Leonel Estrada-Zamora (Estrada) appeals his 46-month sentence following his guilty plea conviction of illegal reentry, in violation of 8 U.S.C. § 1326. Estrada argues for the first time on appeal that the district court erred in imposing a sentence under a mandatory guideline scheme, in violation of United States v. Booker, 543 U.S. 220, 125 S.Ct. 738, 160 L.Ed.2d 621 (2005). Assuming arguendo that the written plea agreement does not foreclose review of this argument, we review it for plain error. See United States v. Valenzuela-Quevedo, 407 F.3d 728, 732-33 (5th Cir.), cert. denied, — U.S.-, 126 S.Ct. 267,163 L.Ed.2d 240 (2005); United States v. Mares, 402 F.3d 511, 520 (5th Cir.), cert. denied, — U.S. -, 126 S.Ct. 43, 163 L.Ed.2d 76 (2005). Estrada concedes that he cannot demonstrate that the district court would likely have sentenced him differently under an advisory sentencing scheme. His argument that this error is structural, or at least presumptively prejudicial, is foreclosed, see United States v. Martinez-Lugo, 411 F.3d 597, 600-01 (5th Cir.), cert. denied, — U.S.-, 126 S.Ct. 464, 163 L.Ed.2d 352 (2005), and his argument that we require proof by a preponderance of the evidence that this error affected his substantial rights lacks merit. See Mares, 402 F.3d at 521; Martinez-Lugo, 411 F.3d at 601.

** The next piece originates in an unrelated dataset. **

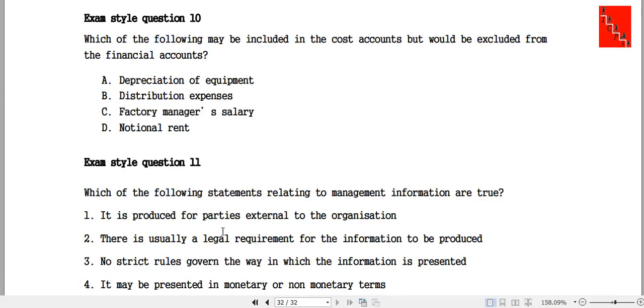Exam question 10: which of the following may be included in the cost accounts but would be excluded from financial accounts?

Estrada’s constitutional challenge to § 1326 is foreclosed by Almendarez-Torres v. United States, 523 U.S. 224, 235, 118 S.Ct. 1219, 140 L.Ed.2d 350 (1998). Although Estrada contends that Almendarez-Torres was incorrectly decided and that a majority of the Supreme Court would overrule Almendarez-Torres in light of Apprendi v. New Jersey, 530 U.S. 466, 120 S.Ct. 2348, 147 L.Ed.2d 435 (2000), we have repeatedly rejected such arguments on the basis that AlmendarezTorres remains binding. See United States v. Garza-Lopez, 410 F.3d 268, 276 (5th Cir.), cert. denied, — U.S.-, 126 S.Ct. 298, 163 L.Ed.2d 260 (2005). Estrada properly concedes that his argument is foreclosed in light of Almendarez-Torres and circuit precedent, but he raises it here to preserve it for further review.
AFFIRMED.
Pursuant to 5th Cir. R. 47.5, the court has determined that this opinion should not be published and is not precedent except under the limited circumstances set forth in 5th Cir. R. 47.5.4.